◆ **Provided records**
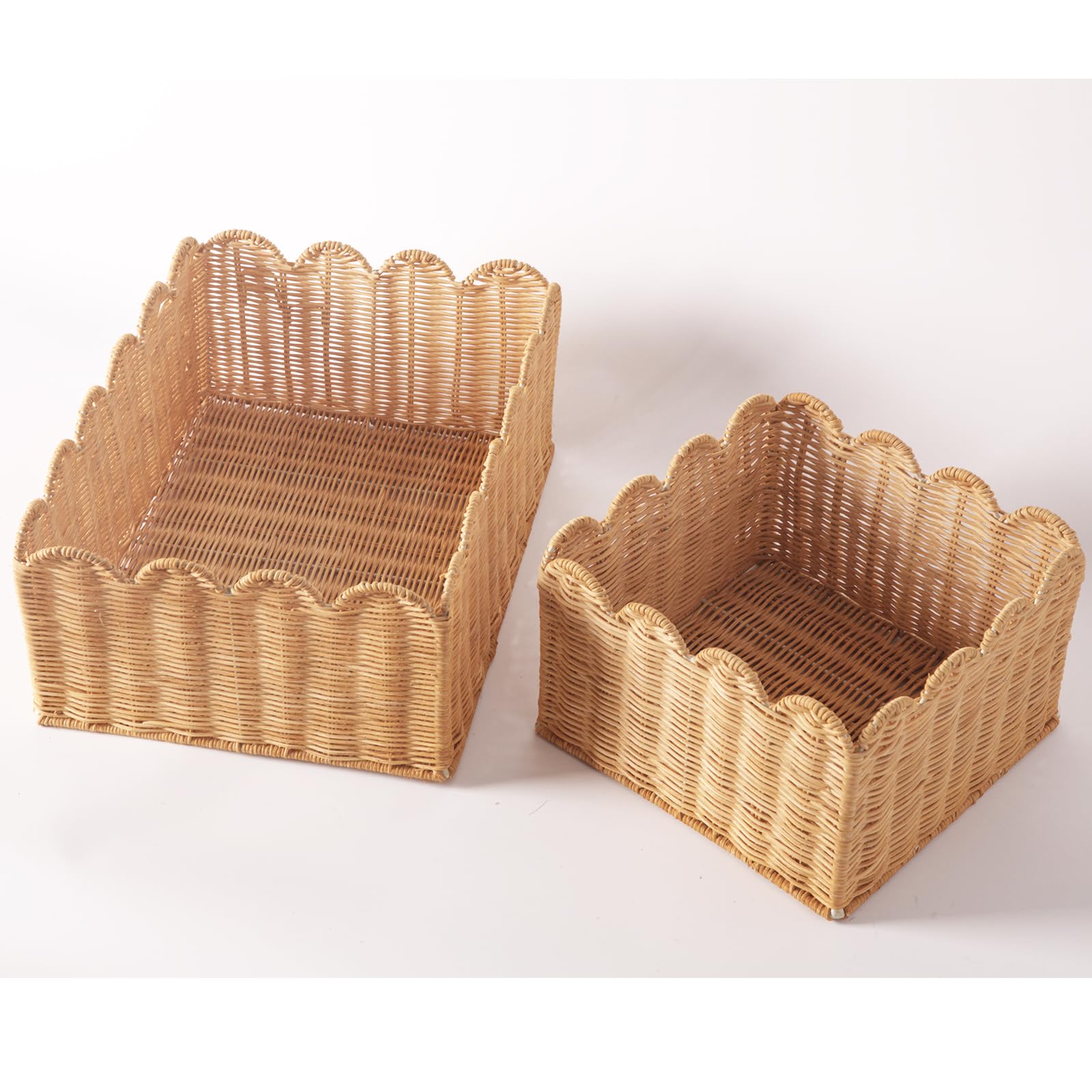 Scalloped Edge Basket, Wicker Storage Baskets, Hand Woven Baskets For Shelves,Natural Baskets For Organizing (S+M-Rattan)
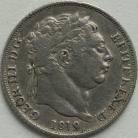 SIXPENCES 1819  GEORGE III LARGE 9 SCARCE NVF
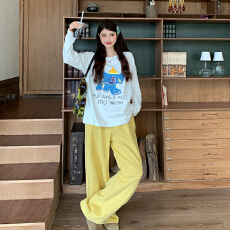 批发德绒冬季打底 大码女装圆领宽松显瘦韩版印花德绒打底衫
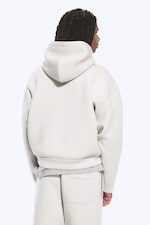 Taupe cendré clair - Sweat à capuche zippé en scuba Simon - 3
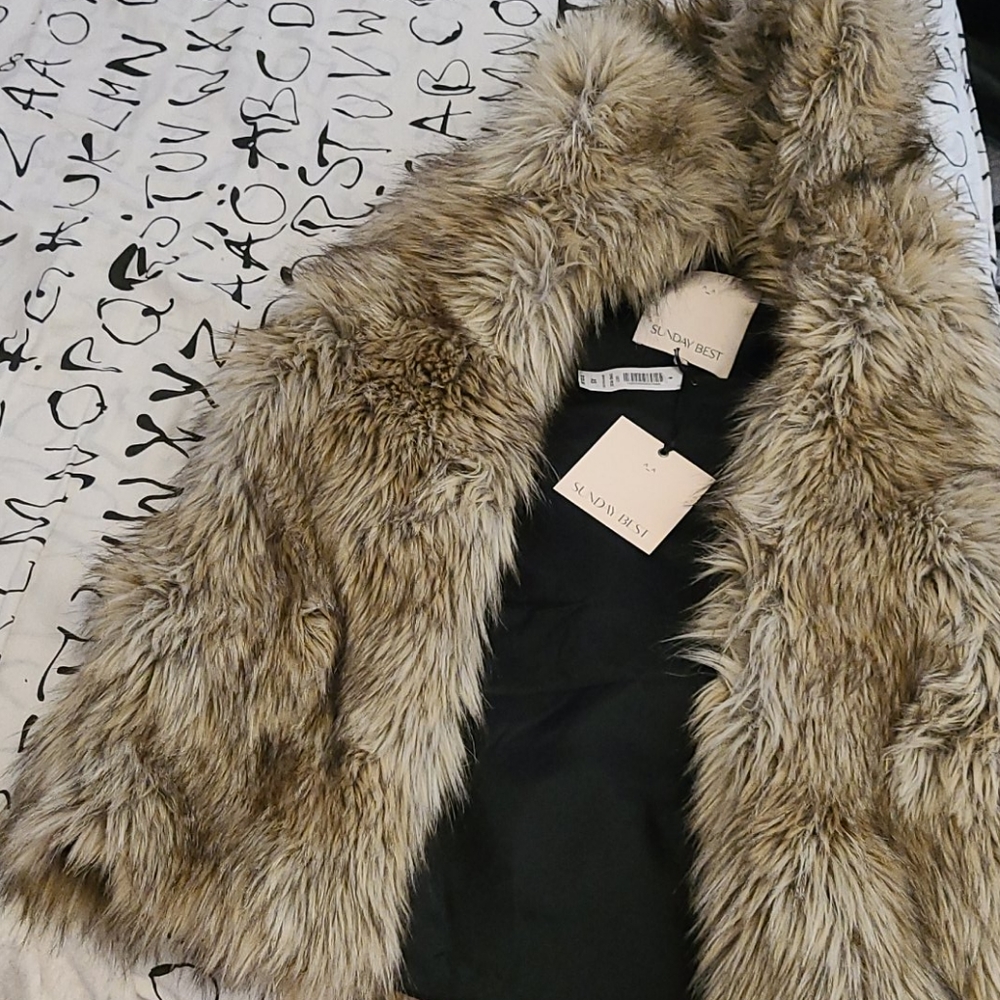 Sunday Best Faux Fur Hooded Vest in Multi-Tone Brown - Picture 4 of 4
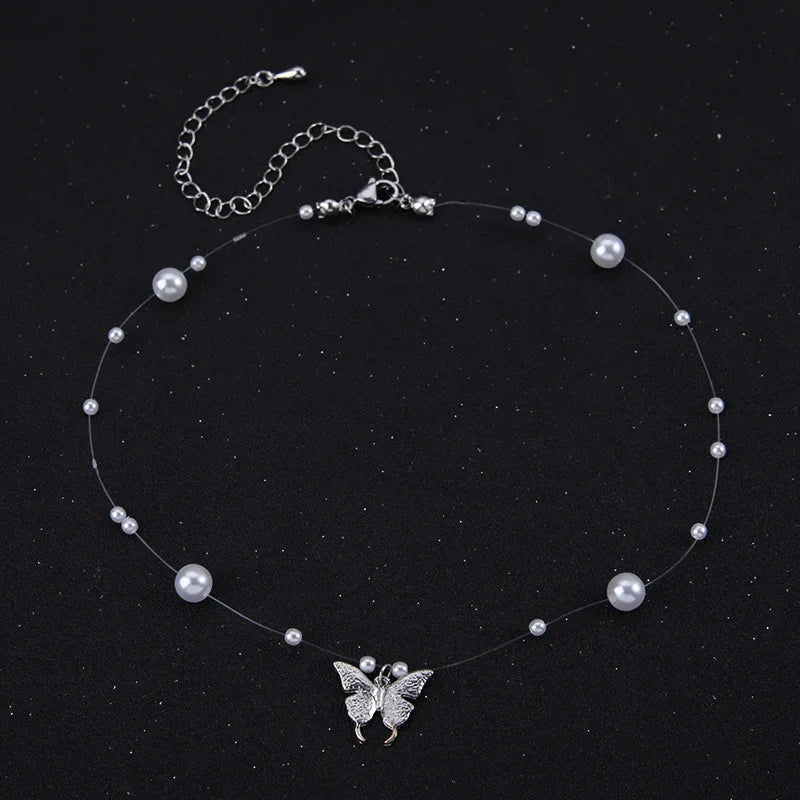 Butterfly Pendant Clavicle Chain Necklace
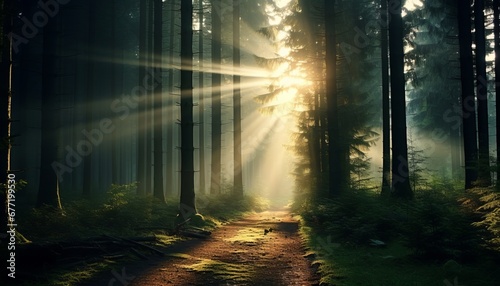 Glorious sunbeams casting an ethereal glow in a tranquil misty forest with radiant sunlight rays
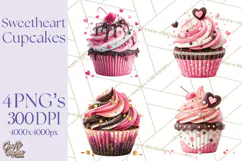 Valentine Cupcake Clip Art PNG for Sweet Printables Product Image 1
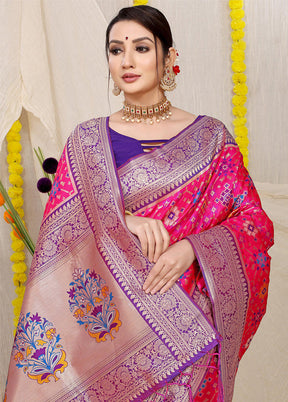 Pink Dupion Silk Saree With Blouse Piece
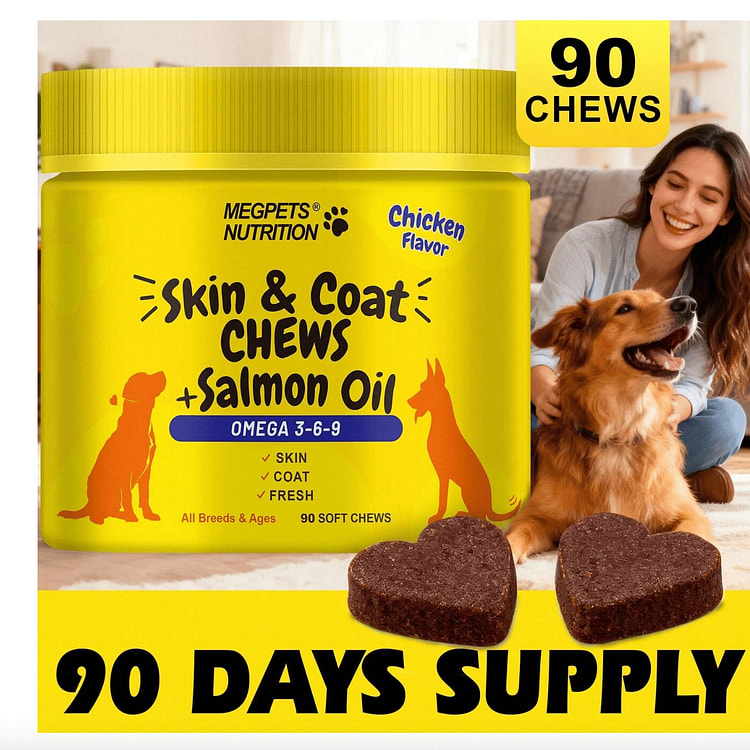 MEGNETA [90 Days Supply] Omega 3 Dog Chews, 90 Cou 1 pack
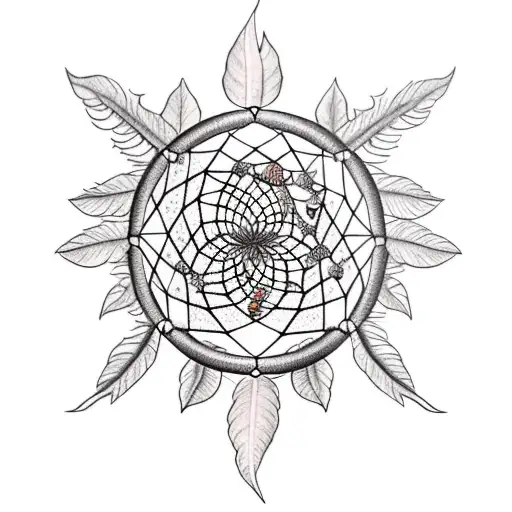 A Dreamcatcher Intertwined With Coffee Plant Leaves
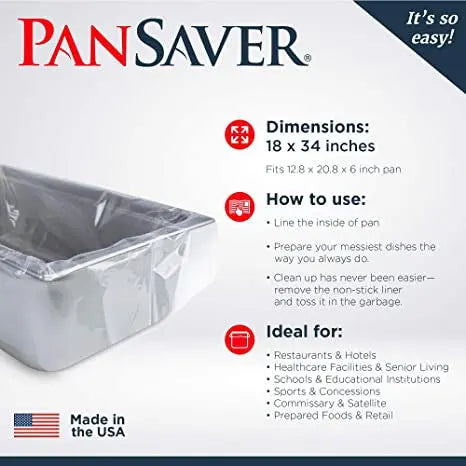 Pan Saver Scrub Saver Pan Liners for Full Size Pan - Case of 250 - #42946 Pansaver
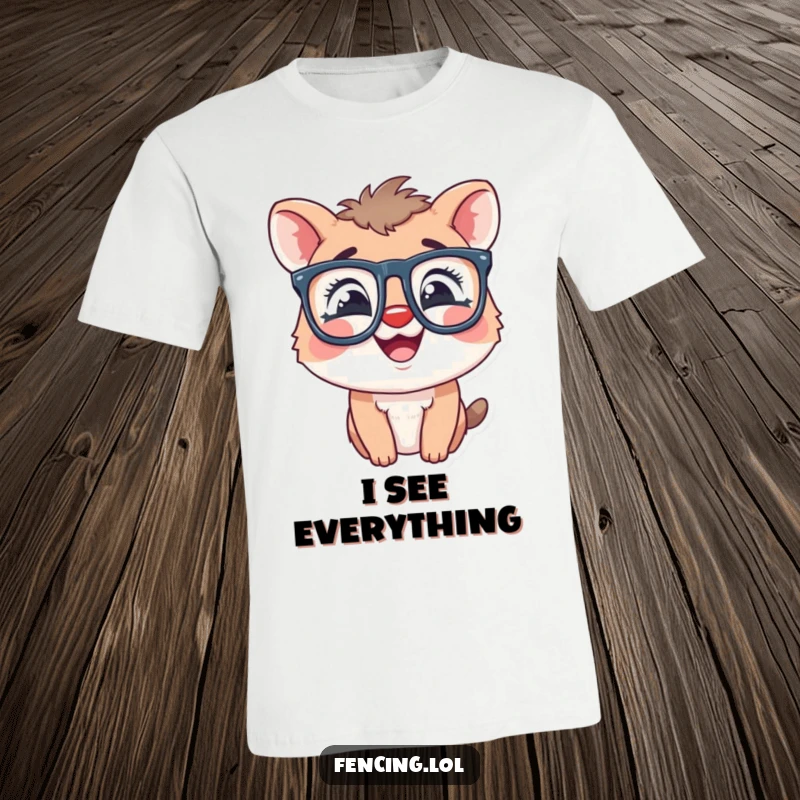 Funny t-shirt featuring a giggling animal with comically large glasses, exuding pure joy and humor.
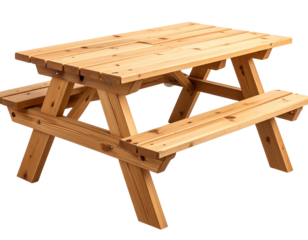 Foldable wooden picnic table, portable, transparent background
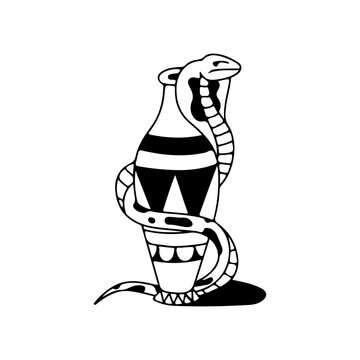 vector illustration of a vase with a cobra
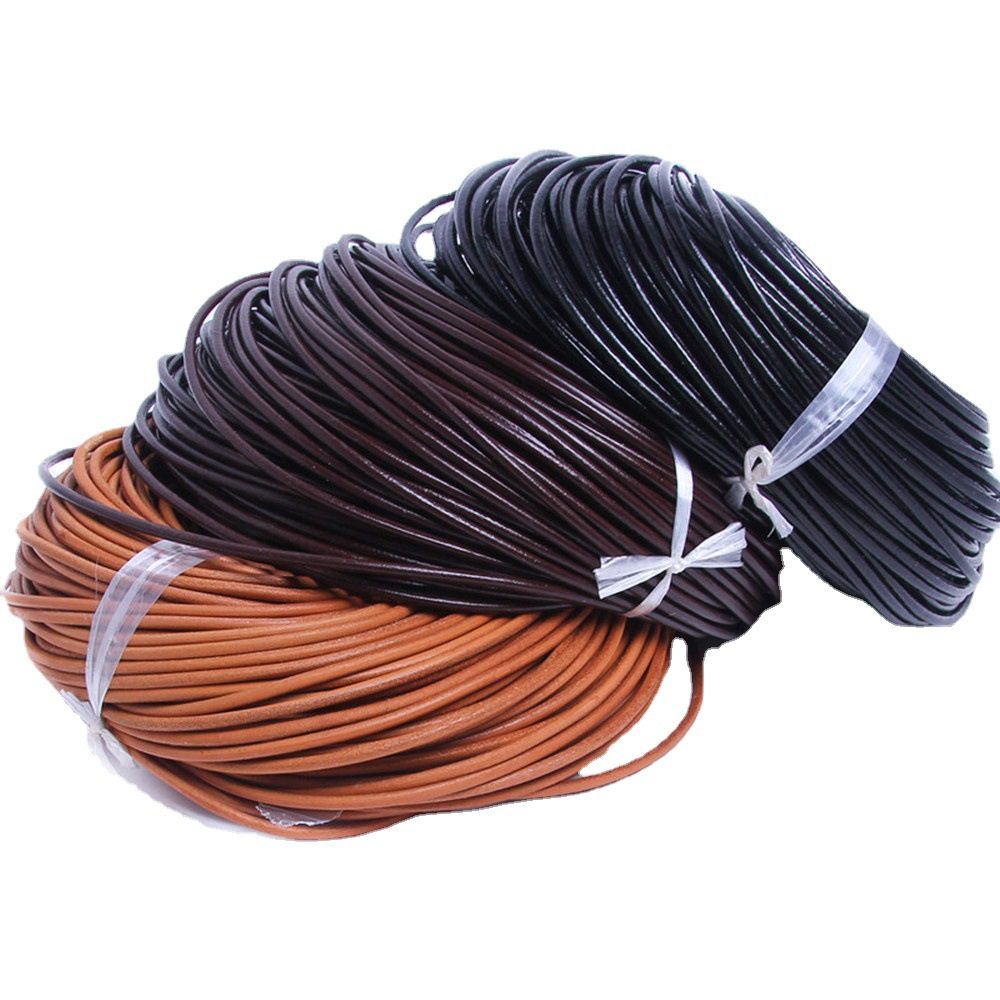 Pure cowhide rope diy accessories black brown color round cowhide rope real cowhide multi-Specification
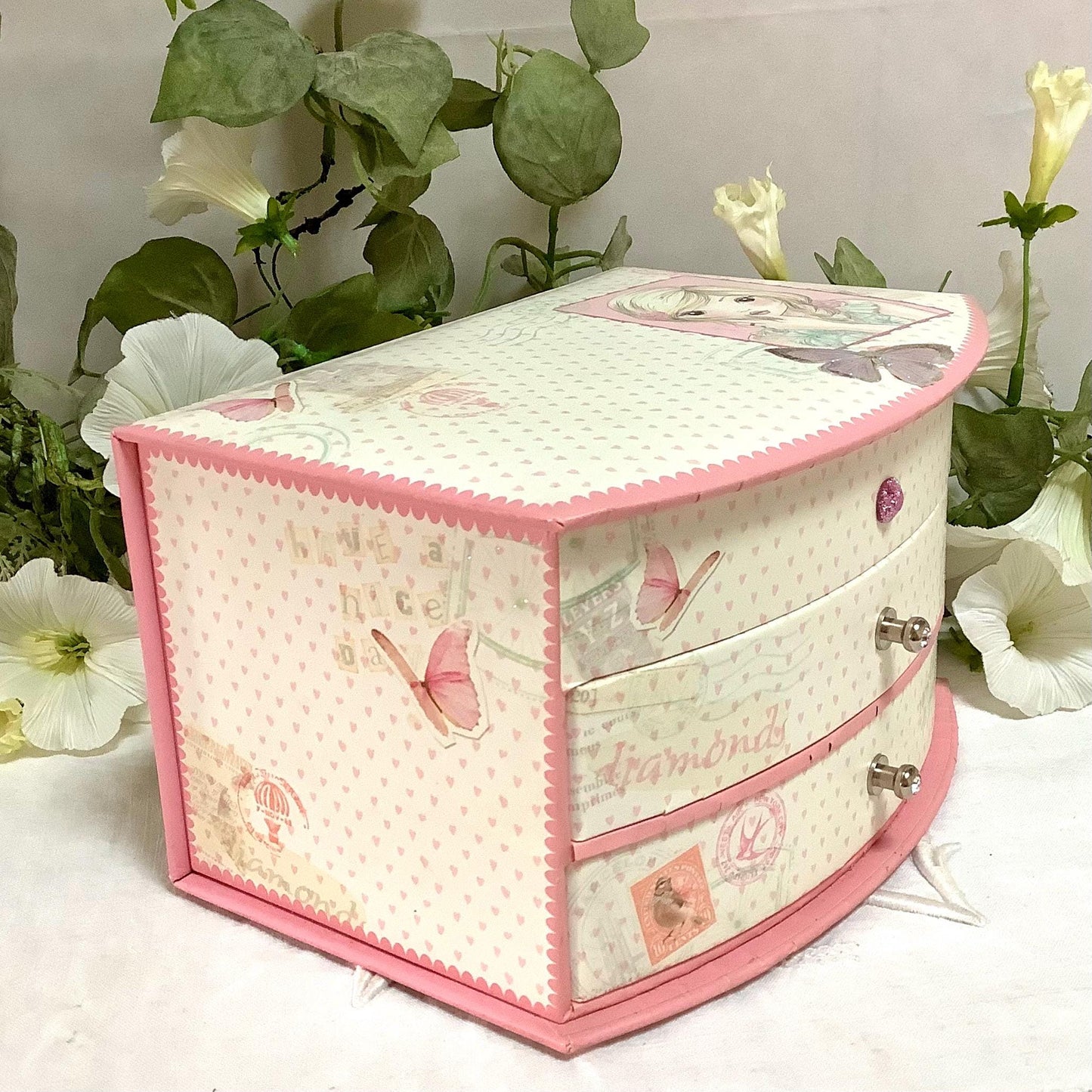 Boîte à bijoux coffret tiroirs rose top model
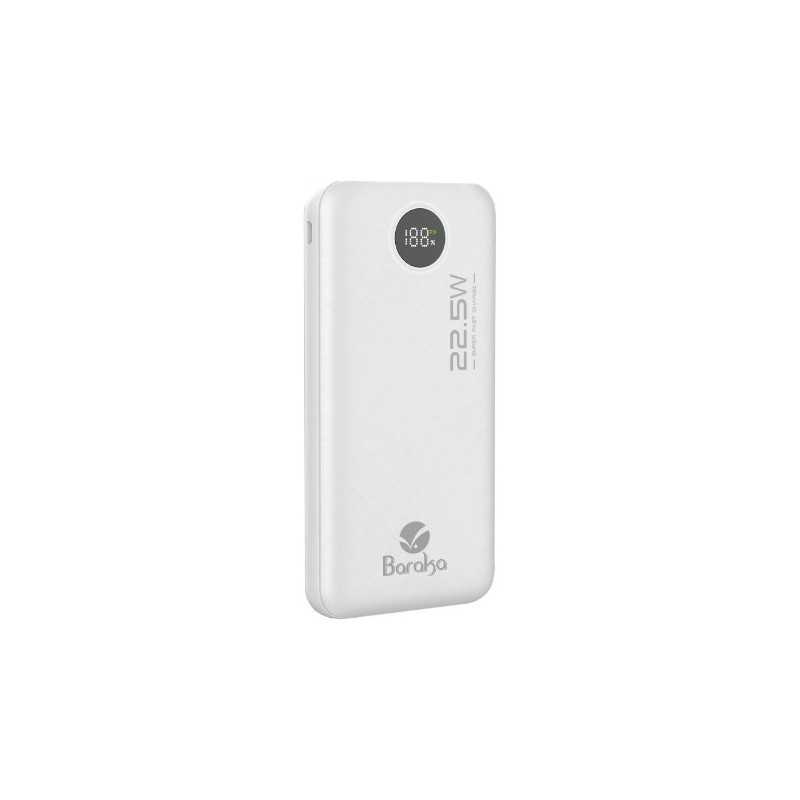 Power Bank Baraka BRK-PB22 10000mAh avec 1 entrée micro/Type-C Et 1 sortie Type-C + 2 sorties USB blanc Power Bank Baraka BRK-PB22 10000mAh avec 1 entrée micro/Type-C Et 1 sortie Type-C + 2 sorties USB blanc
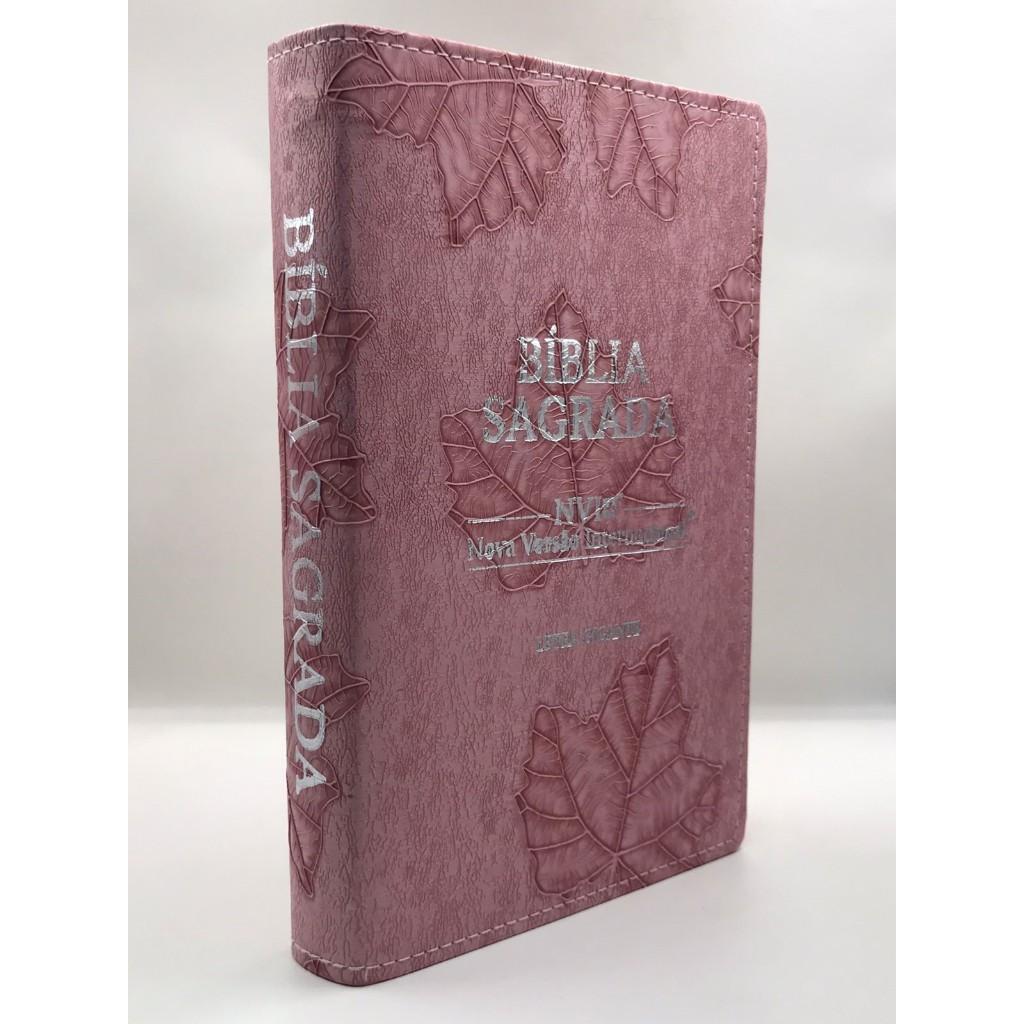 Bíblia Sagrada Nvi Tamanho Grande Capa Flexível Folha Rosa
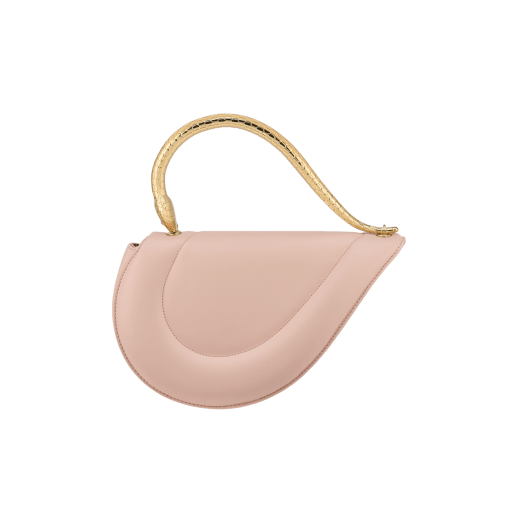 Serpenti Cuore 1968 medium top handle bag in star rose pink calf leather with crystal rose nappa leather lining. Captivating snake body-shaped top handle in gold-plated brass embellished with engraved scales and zirconia eyes; press-button closure. 294801 image 5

◆ **Assignment**
In the listing above, find the line with "A Dreamcatcher Intertwined" and the line with "Boîte à bijoux". Set down both and every line between them, minus the pictures.

◆ **Exercise output**
 A Dreamcatcher Intertwined With Coffee Plant Leaves
 Pan Saver Scrub Saver Pan Liners for Full Size Pan - Case of 250 - #42946 Pansaver
 Funny t-shirt featuring a giggling animal with comically large glasses, exuding pure joy and humor.
 Foldable wooden picnic table, portable, transparent background
 vector illustration of a vase with a cobra
 Pure cowhide rope diy accessories black brown color round cowhide rope real cowhide multi-Specification
 Boîte à bijoux coffret tiroirs rose top model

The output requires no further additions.